I am trying to run an SDS-PAGE gel 12% for p53 and alpha-actin and running into some trouble. I am using tissue samples that were fixed with PFA and this is likely the cause of the issues I'm having. BCA assay does not work, likely because of protein cross-linking due to PFA so I have to do a western for actin to get protein concentration, however even after boiling the samples and using SDS as well as BME I get no bands at all or weak bands.
In many membranes I see protein aggregates at the transition from the stacking to resolving gel and think this is a migration issue due to PFA cross-linking and creating protein aggregates. I am boiling my samples for 10 minutes, thinking of increasing this or doing a commassie stain to look for abnormal migration.
What does everyone think? Any experience with this?
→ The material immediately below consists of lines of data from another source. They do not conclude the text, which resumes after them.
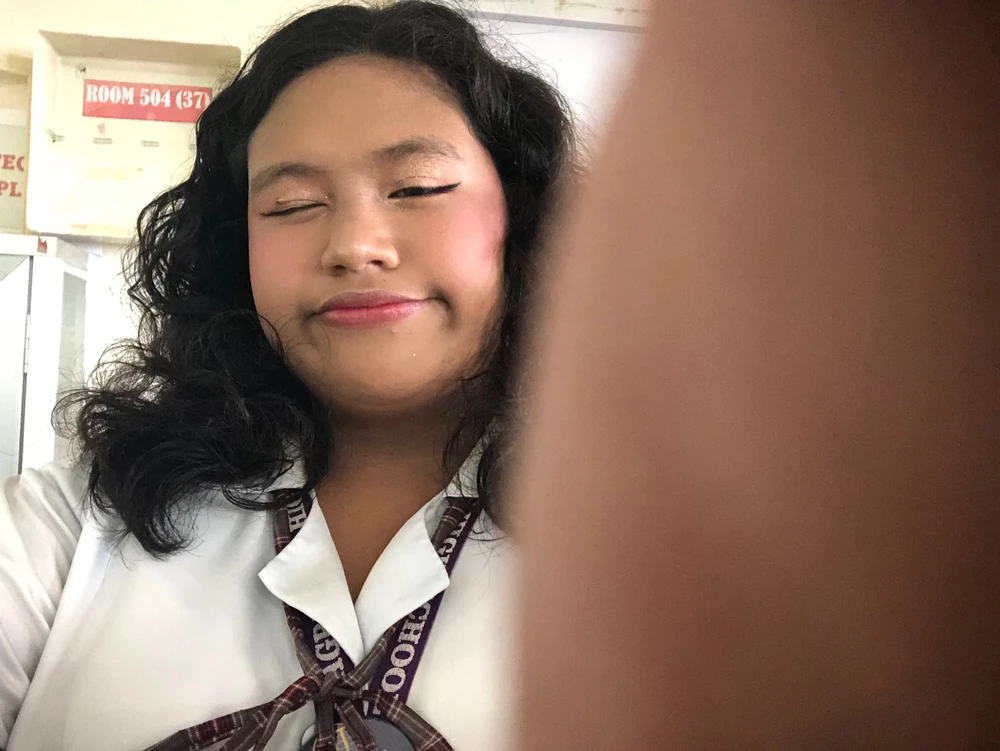 Image uploaded by kxtkvtt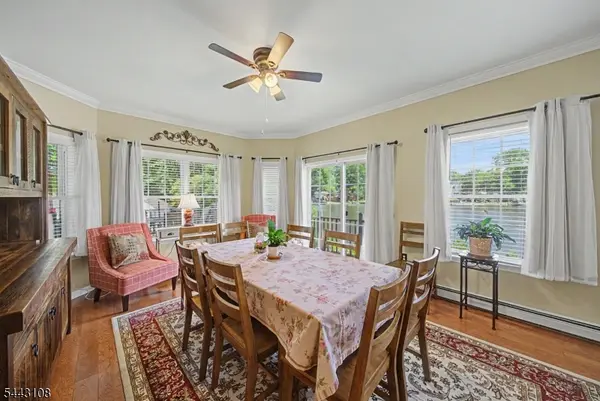2 SHAWNEE TRAIL, Denville Twp., NJ 07834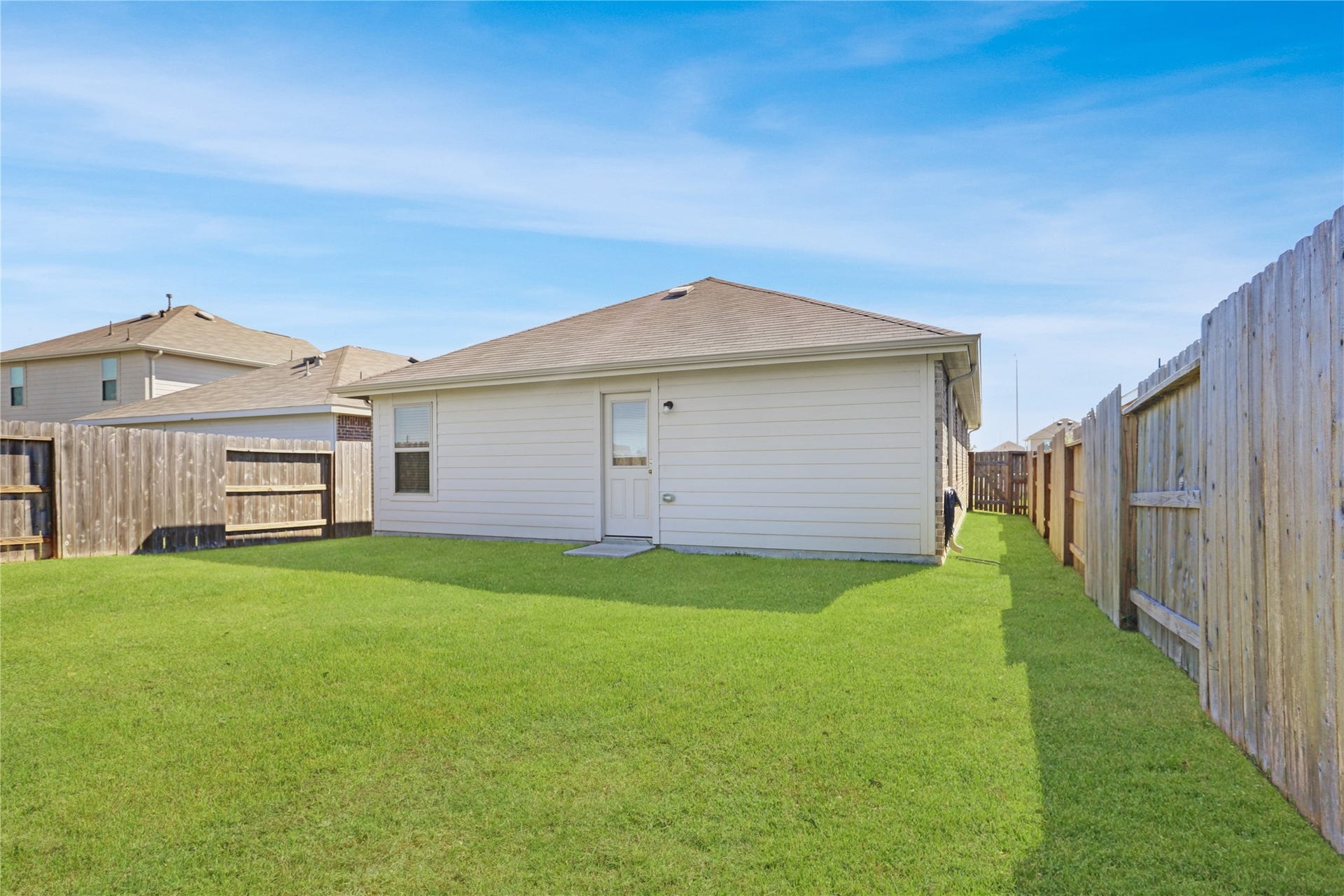 4235 Palmetto Grove Lane, Baytown, TX 77521 4235 Palmetto Grove Lane, Baytown, TX 77521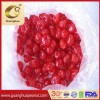 Premium Quality Dried Cherry Preserved Cherry in Bulk Package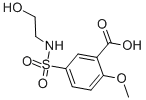 CHEMBRDG-BB 6629596 CAS#: 326907-68-0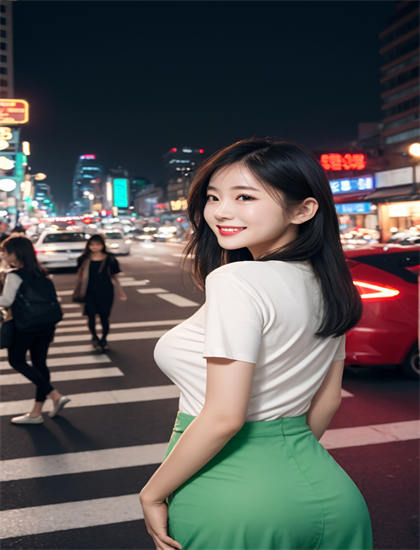 免费高清在线观看人数在哪动_嘘国王在冬眠免费观看电视剧_女人的天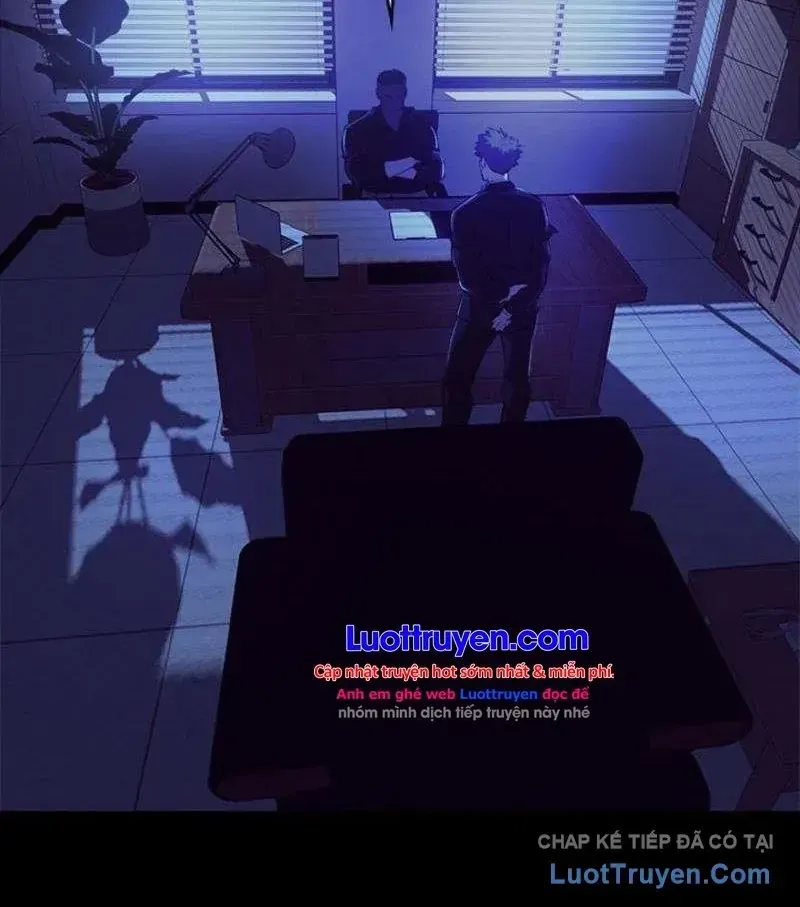 Chapter 4 - Trang 86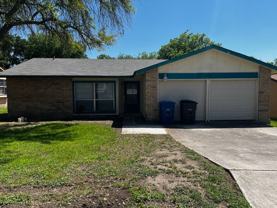 10550 Bounty Dr - Photo 1 of 1
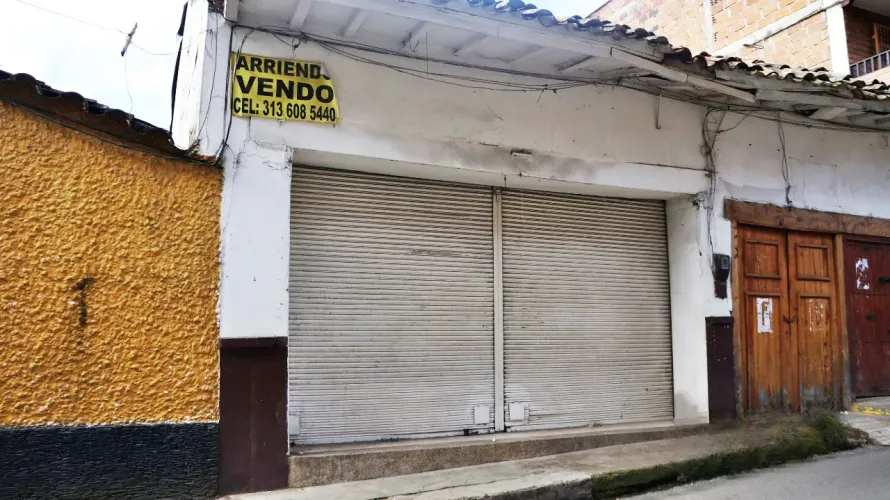 Lote en venta en La Ceja, 700 m² · foto 12 de 18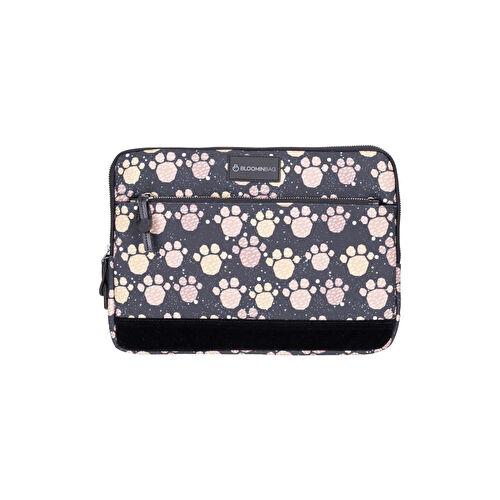 Bloominbag Soul Mate 14 Inç Laptop / Macbook Kılıf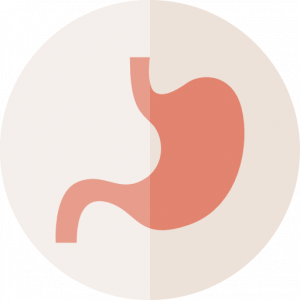 Malignant Peritoneal Mesothelioma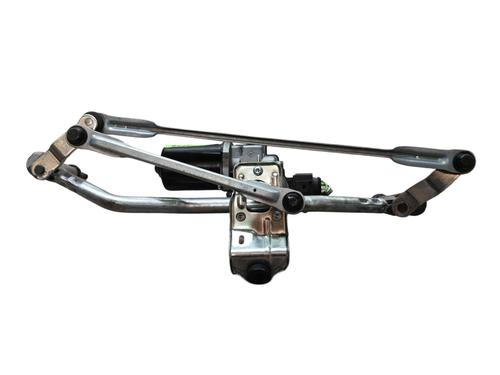 Front wiper motor SEAT ATECA (KH7, KHP) 1.0 TSI | BP37024312M29 - Image 5
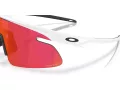 Oakley Rslv Lite Sonnenbrille OO 9527D 952705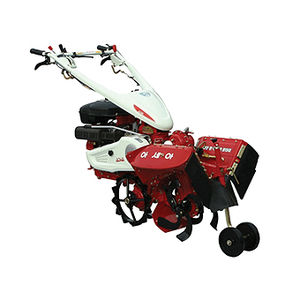 Asia Technology Co., Ltd. : ����� �������������������� ������������ -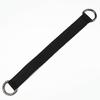 Bar Straps Multifunction Fitness Rope, Heavy Duty T-bar Strap, Dumbbell Strap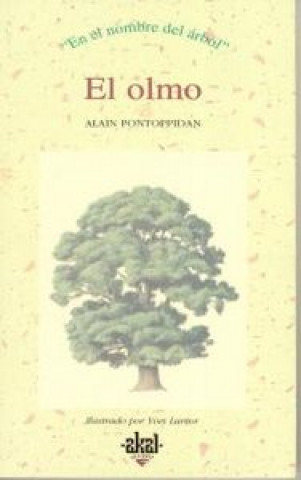 El olmo
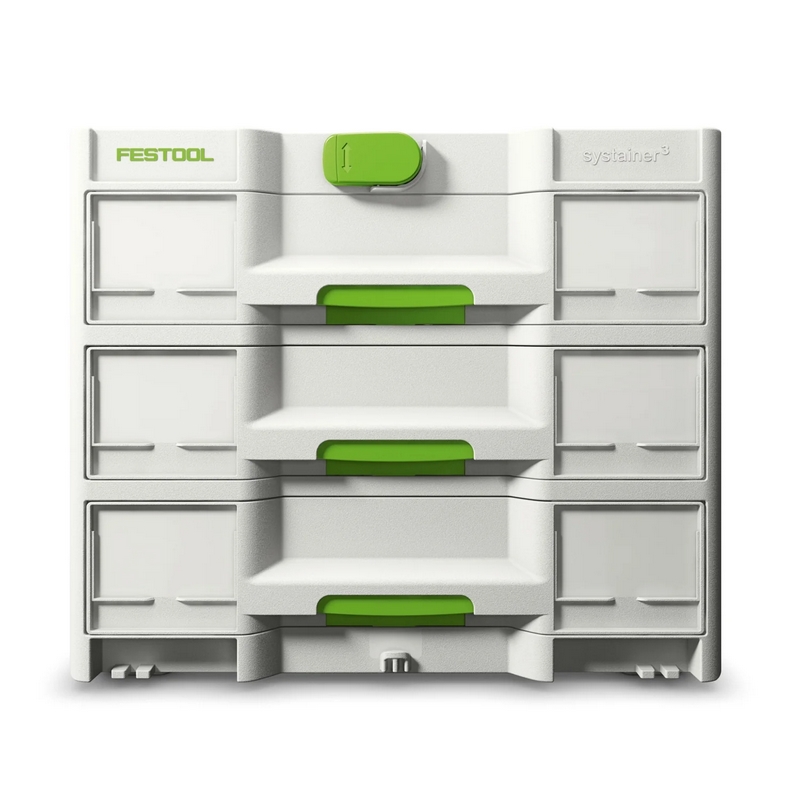 systainer combi t-loc festool-5 systainer combi t-loc festool-5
Suggestions?
If you are getting weak bands, then there is a probability that the gel is fine.make sure that your sample is properly lysed. In case of tissue samples the lysis is different from that of cell lines. Make sure you are using properly lysed samples. For p53 you can use 10% gel. Use a protein ladder in the gel. so that you can verify whether there is any problem with the gel or not by observing its migration!!!!
No ways to fins a solution: fixation is and irreversible process by generating irreversible crosslinks between proteins (covalents) and digestion with proteases cannot help, unfortunately...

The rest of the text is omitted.